Because a valid local appeal has yet to be filed, the Department does not have jurisdiction to decide the matter on the merits at this time. However, because two months of the 12-month statutory period to appeal remained at the time the Taxpayer and the County agreed to proceed with the purported appeal, the Department believes it is appropriate to grant the Taxpayer two months from the date of this determination within which to file a valid local appeal in order to protect the integrity of the administrative appeals process.

DETERMINATION

Because a valid local appeal has yet to be filed, the Department cannot accept this case for review. As discussed above, the date of the Department’s determination issued as P.D. 24-151 was the date the parties were first made aware that the Taxpayer had not filed a valid appeal. At the time the Taxpayer and the County agreed to treat a prior phone call as a local appeal, the Taxpayer still had two months remaining within which it could file a valid local appeal. Thus, consistent with the Department’s remedial approach in P.D. 25-20, if the Taxpayer files a local appeal with the County within two months of the date of this determination, the Department will consider it to be timely filed within the one-year period provided by Virginia Code § 58.1-3703.1 A 5 b.

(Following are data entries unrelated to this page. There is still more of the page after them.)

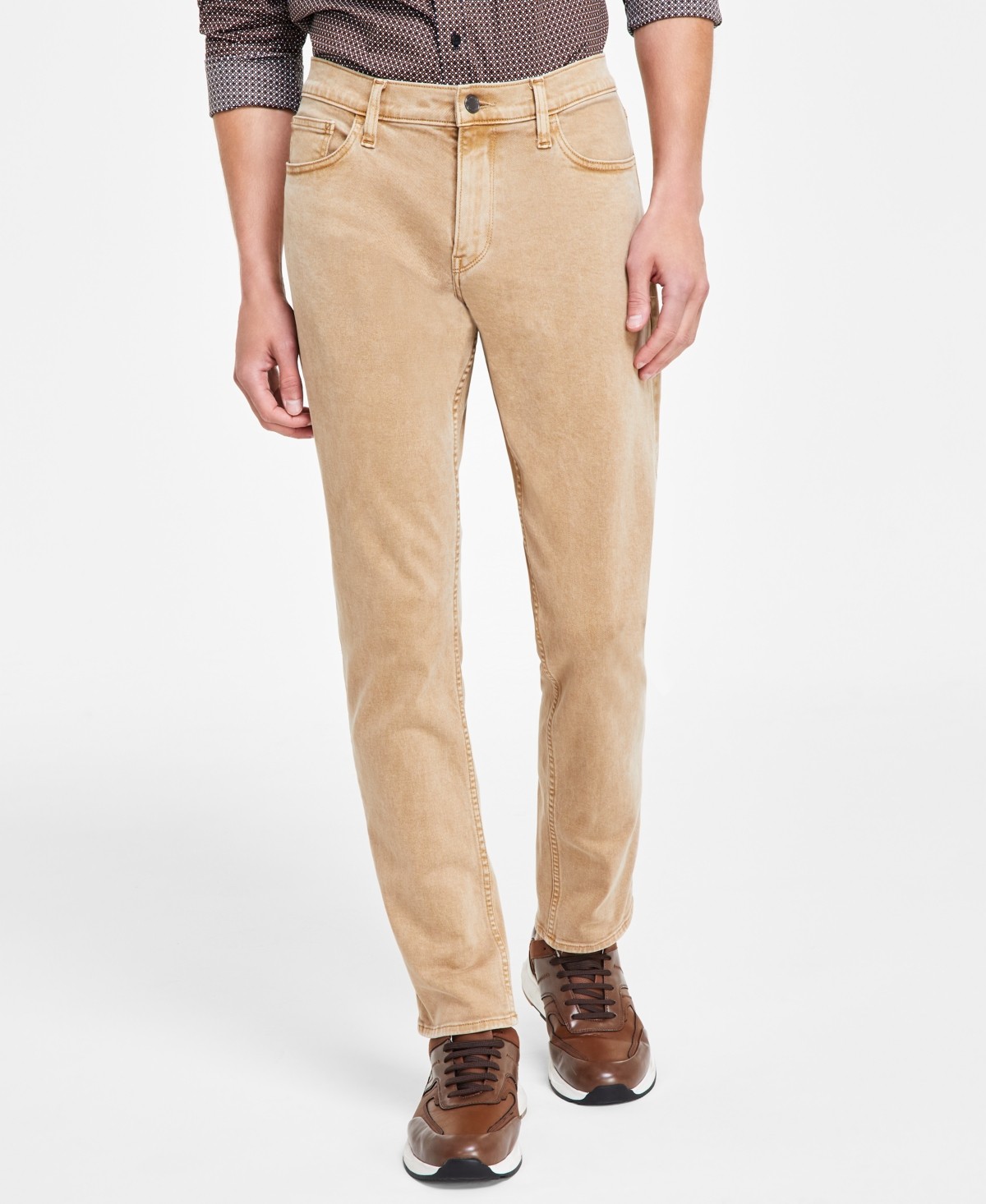 Мужские джинсы Michael Kors Slim fit Denim 3030 бежевого цвета Dean Camel Solid 4890₽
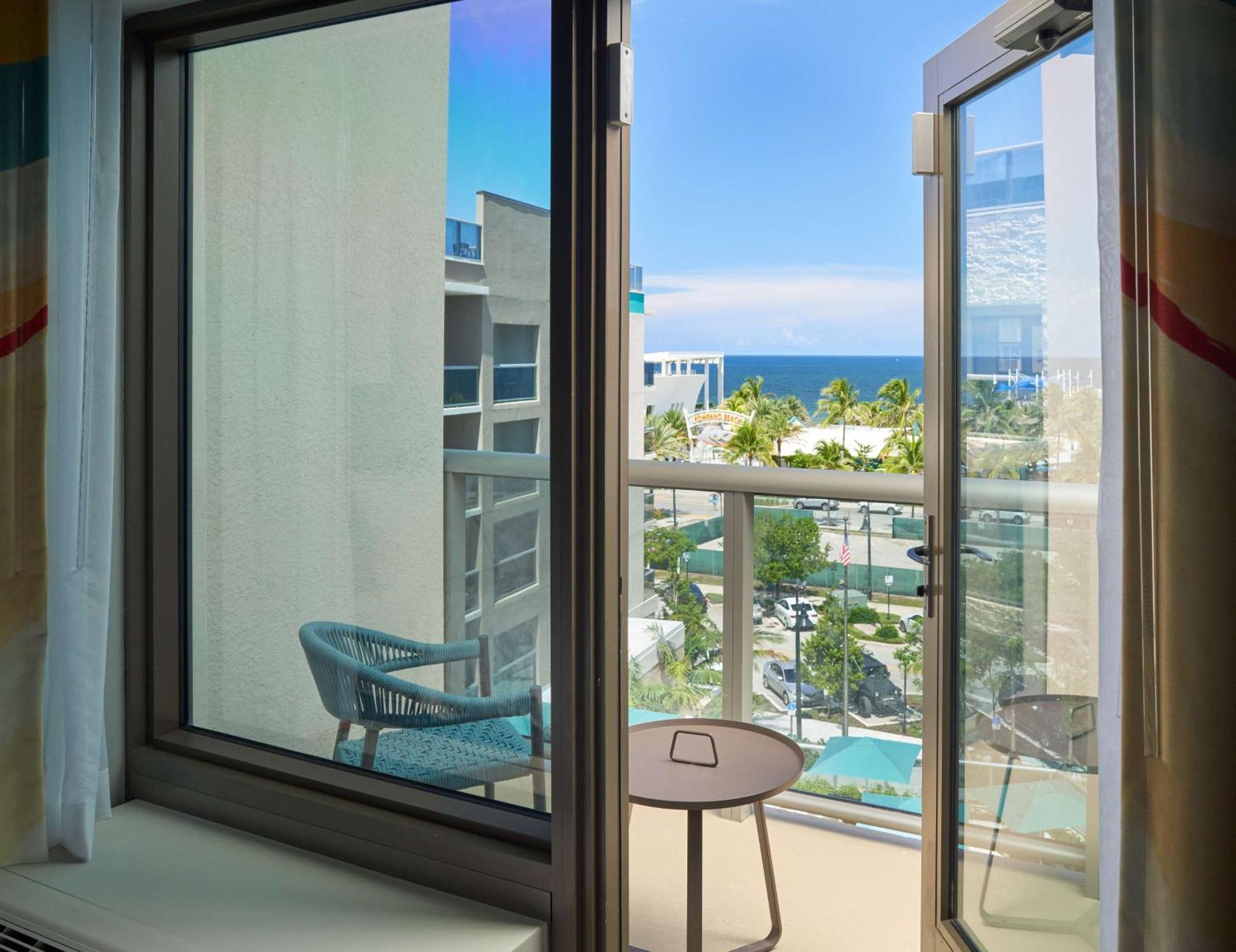 Tru By Hilton Pompano Beach Pier Buitenkant foto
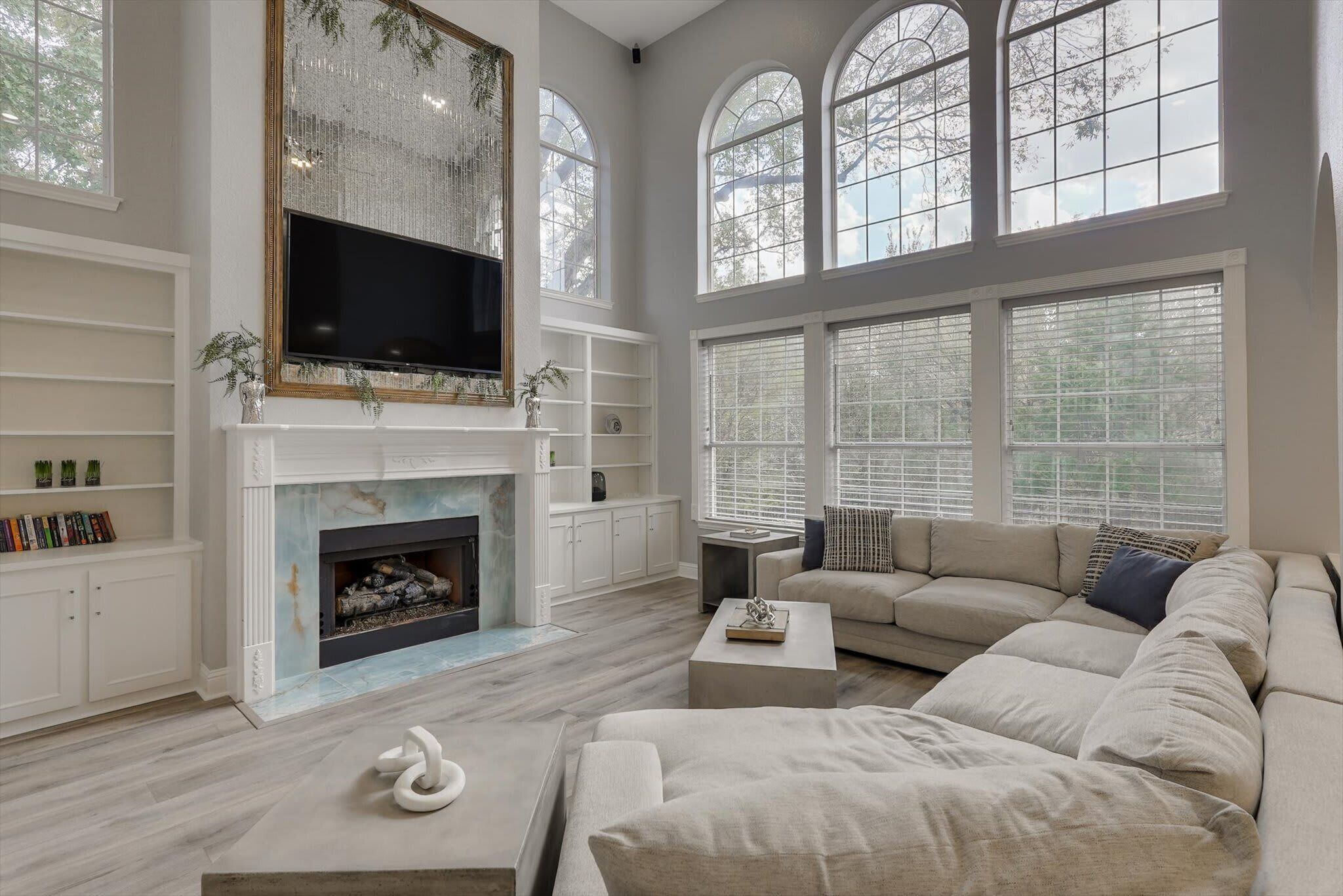 TV, fireplace, offices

If the Taxpayer files a local appeal, it is incumbent on the County to undertake a full review of the Taxpayer’s claims and issue a final local determination setting forth the facts and arguments in support of the decision. See Virginia Code § 58.1-3703.1 A 5 b. The final local determination must also include a written explanation of the rights to file an administrative appeal. See Virginia Code § 58.1-3703.1 A 5 c. If the County issues a final determination and the Taxpayer disagrees with the outcome, then the Taxpayer may appeal to the Department. See Virginia Code § 58.1-3703.1 A 6 a.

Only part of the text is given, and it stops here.